Quel rapport entre un roman érotique d’Anna Todd et la course d’obstacles D-Day Race ? Aucun a priori. Pourtant, aux côtés des maisons d’édition du groupe Hugo & Cie, trône une filiale plus discrète, Hugo Events, propriétaire de six événements. Créée en 2009, en s’appuyant sur la communauté de lecteurs d’Hugo Sport, la filiale a lancé "la plus royale des courses", au cœur du château de Versailles. Puis elle s’est développée au fil des ans en reprenant le Nouveau Cross du Figaro, en inaugurant le festival New romance ou en acquérant Mister France en 2011. Elle génère aujourd’hui un chiffre d’affaires de 5 millions d’euros et se développe en toute indépendance.

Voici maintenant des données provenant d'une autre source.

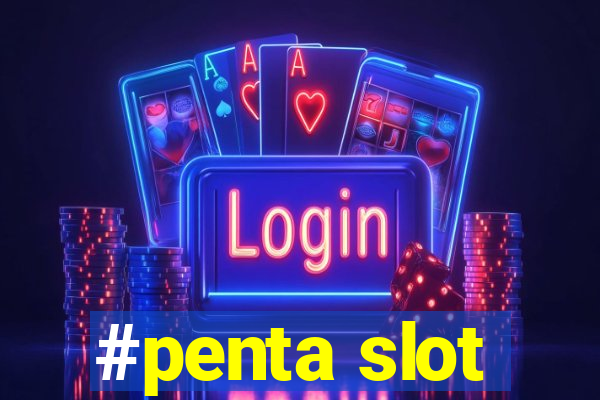 #penta slot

Aux débuts de l’aventure, Hugues de Saint Vincent, fondateur d’Hugo & Cie, y consacrait "15 à 20 % de son temps". Aujourd’hui il délègue la direction à Isabelle Hazard, qui encadre une dizaine de personnes. "Il y a beaucoup de synergies entre les deux activités, notamment la communication et la création graphique, explique l’éditeur. Pour le festival New romance, la synergie est même totale, mais ça n’aurait pas été possible sans Hugo Events". L’éditeur souligne les qualités propres de sa branche événementielle comme la production, la logistique et l’animation. Cette année, aucun nouvel événement ne sera créé. Dans les cartons, il y a la déclinaison de Mister France sous forme de calendrier. Reste à savoir où le "charme" se situe dans la devise de la société, "Sport, culture, famille". V. T.

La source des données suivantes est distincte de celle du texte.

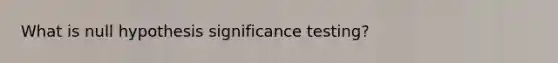 What is null hypothesis significance testing?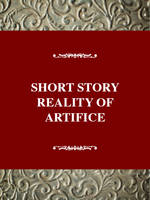Short Story, The: The Reality of Artifice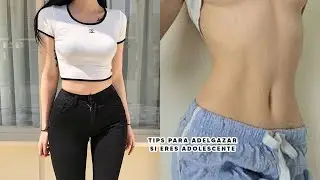 15 TIPS for LOSING WEIGHT IF YOU'RE A TEENAGER | softly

Olivier Frébourg : l’édition en haute mer

 

Olivier Frébourg est le directeur des éditions Les Equateurs

 

Photo NICOLAS CORNET

Depuis son bureau aux allures de phare, au 5e étage d’un immeuble parisien, Olivier Frébourg conduit les éditions des Equateurs comme un bateau. Ce fils de capitaine dans la marine marchande "gère la tempête tous les jours" en compagnie de ses collaborateurs, au rendez-vous tous les soirs pour un "debrief" fait d’ordres et de contre-ordres. Sur la forme comme sur le fond, Les Equateurs sont à l’image de leur fondateur. De mère bretonne et de père normand, Olivier Frébourg a toujours gardé la mer sur sa ligne d’horizon. En suivant son père dans ses affectations, il a vécu en Normandie et aux Antilles. Son goût du voyage et de la mer s’est naturellement imposé dans la ligne éditoriale de sa maison, créée en 2003 : "Les Equateurs c’est le poème de Blaise Cendrars. C’est à la fois la ligne de l’équateur mais aussi la ligne de l’écriture avec des écrivains comme Sylvain Tesson ou Loïc Finaz, à fort caractère maritime", explique-t-il. L’éditeur partage son temps entre Sainte-Marguerite-sur-Mer, près de Dieppe, et Paris. "J’ai besoin de beaucoup de solitude", explique cet habitué des piscines municipales parisiennes. Il trouve son réconfort sur un bateau ou au contact d’autres écrivains qui lui ressemblent comme ceux appartenant aux Ecrivains de marine, une association fondée en 2003 par Jean-François Deniau : "Entre camaraderie et franc-parler, nous partageons les mêmes valeurs et poursuivons un même objectif : illustrer la mer sous toutes ses facettes". Une forme d’engagement aussi. I. C.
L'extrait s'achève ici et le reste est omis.